As part of joint research with the Kakimi Laboratory, Department of Immunotherapeutics, The University of Tokyo Hospital, VFACs were used for single-cell analysis to study the interaction between immune cells and the micro-environment in mouse stomach cancer and to assess the antitumor effect of therapeutic agents(14).
The research involved a single-cell analysis of T cells that had infiltrated stomach cancer tissue in mice with the objective of measuring the expression of 44 immune-related genes and then assessing whether it is possible to identify the key signals involved in the cancer immune response.
Two stomach cancer tumor cell lines (YTN2 and YTN16) were introduced into healthy mice (C57BL/6N) to prepare two separate models of stomach cancer (YTN2 mice and YTN16 mice). Whereas the YTN2 mice experienced low malignancy with immune functions eliminating the tumors after about 20 days, the YTN16 mice had high malignancy with tumor size increasing over time. T cells obtained by a cell-sorter from the tumor-infiltrating lymphocytes (on day 7 after transplantation of the tumor cell lines) were dispensed on VFACs and the prepared samples analyzed by an NGS.
The analysis provided expression profiles for 44 immune-related genes from 1,098 T cells in total (from both the YTN2 and YTN16 mice).
Figure 5 (a) shows a two-dimensional scatter plot that has been color-coded by Louvain clustering (without learning) and Figure 5 (b) shows a heat map. Cluster 6 is made up exclusively of cells from YTN16 mice and is notable for the high level of expression for the IL-17 gene, as highlighted by the green arrow. This suggests that the IL-17 gene plays a role in cancer immunosuppression in YTN16 mice.
To confirm the function of the highlighted IL-17 gene, tumor sizes were compared for a control group that received no treatment, a group that received only anti-IL-17 antibodies, another that received only anti-PD-1 antibodies (an ICI), and a group that received both [see Figure 5 (c)]. This found a strong antitumor effect with rapid elimination of the tumor in eight out of ten mice in the dual-treatment groups.

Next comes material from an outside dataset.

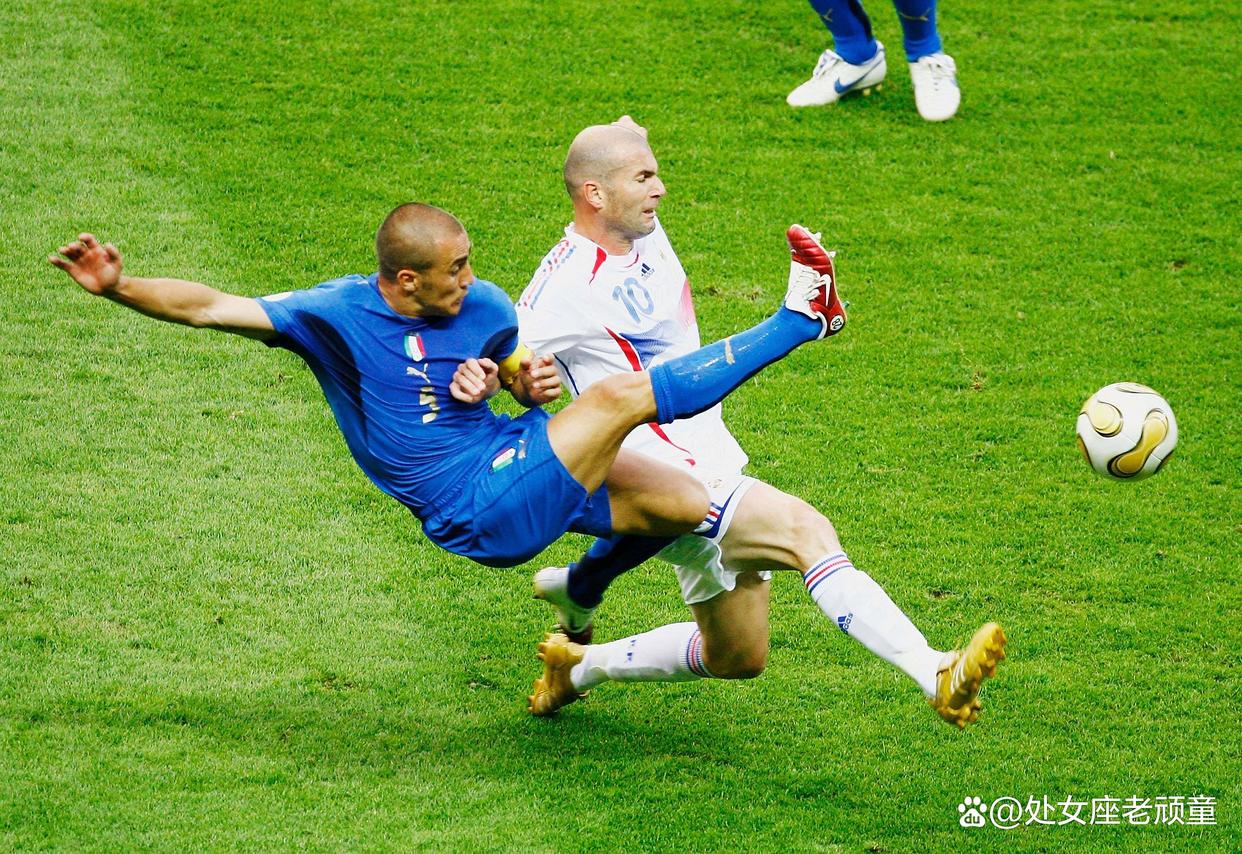 包含赛地聚焦：意大利杯清晨热度飙升，费耶诺德迎来里程碑，压力陡增，心理建设被强调的词条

This result indicates that single-cell analysis using VFACs can identify genetic alteration signals that relate to cancer immunity. It also demonstrated the strong antitumor effect of immunotherapy based on the identified signals. A feature of expression associated with IL-17 is that it cannot be detected by conventional RNA sequencing, which demonstrates another benefit of single-cell analysis(14).

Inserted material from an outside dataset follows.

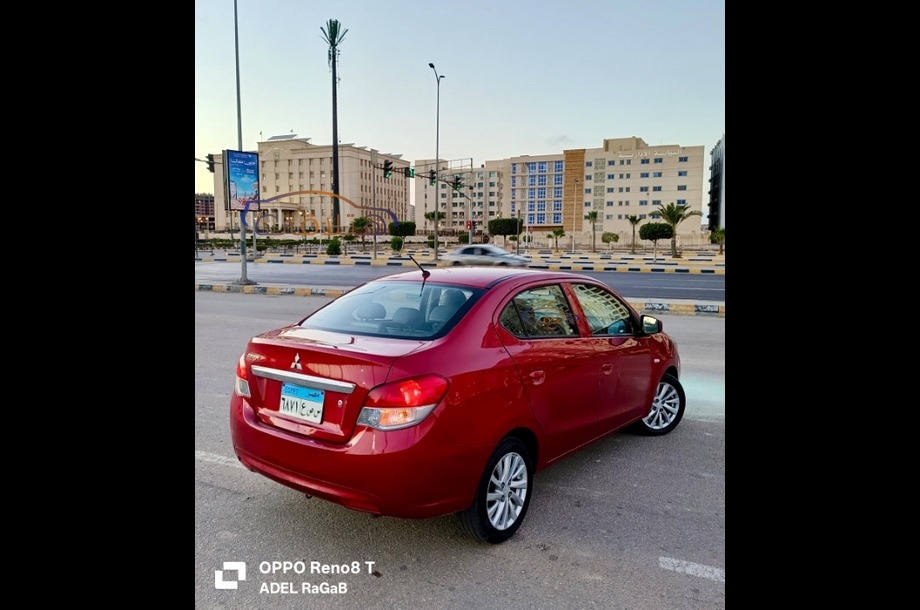 Attrage Mitsubishi Red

Figure 5 — Results of Using VFACs for Single-cell Analysis of T Cells in Mouse Tumor and Assessment of Inhibitory Effect on Cancer of Identified Signals
Graph (a) is a two-dimensional projection (using the UMAP technique for dimension reduction) of the Louvain clustering (without learning) of single-cell results obtained by VFACs. Graph (b) shows the same results as a heat map. The graphs in (c) show the reactivation of cancer immunity that has been inhibited by one of the identified signals (IL-17).

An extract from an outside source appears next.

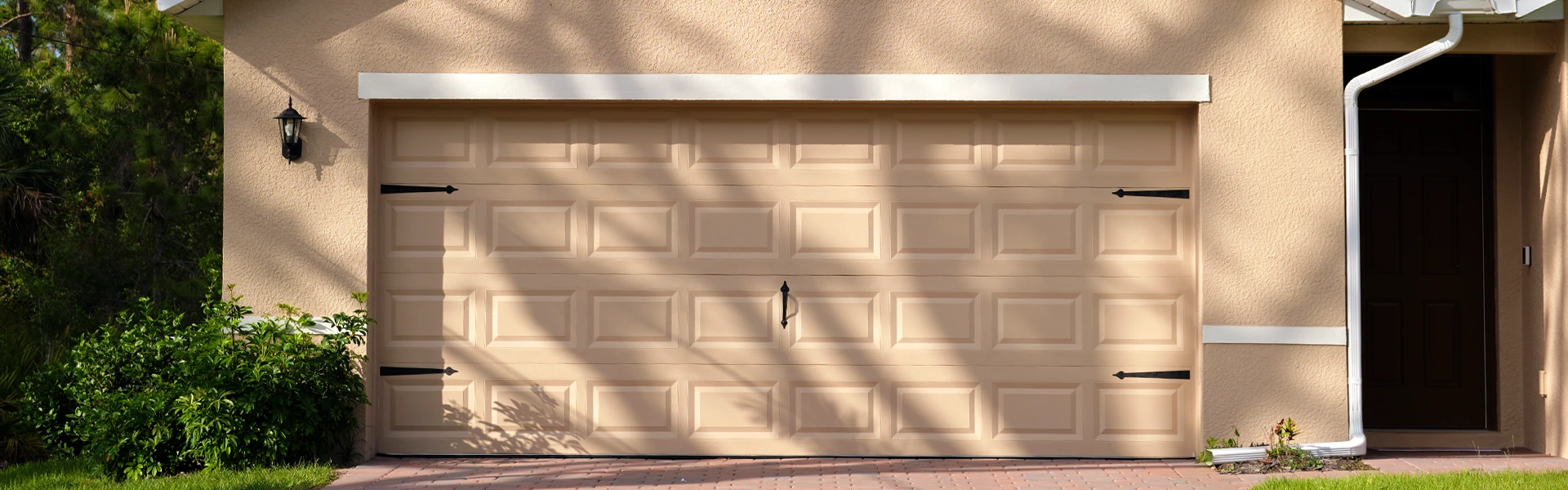 Plantation Garage Door And Gates Llc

Immunotherapy for cancer has attracted attention in recent years, with rapid advances being made in development and clinical trials of optimal treatment schemes that include combination therapies. While the research and development of biomarkers for identifying the best therapies is an increasingly active field, it remains a work in progress. Hitachi will continue to contribute to the treatment of cancer by combining digital technology with immunological testing for cancer to reduce costs while also striving to put these to use for a wide variety of other conditions where immune response is relevant, such as infectious disease.
The evaluation of the VFAC devices for performing single-cell analyses described in this article benefitted from the assistance of numerous academics, including Professor Kazuhiro Kakimi of The University of Tokyo Hospital. The authors would like to express their deep gratitude for this help.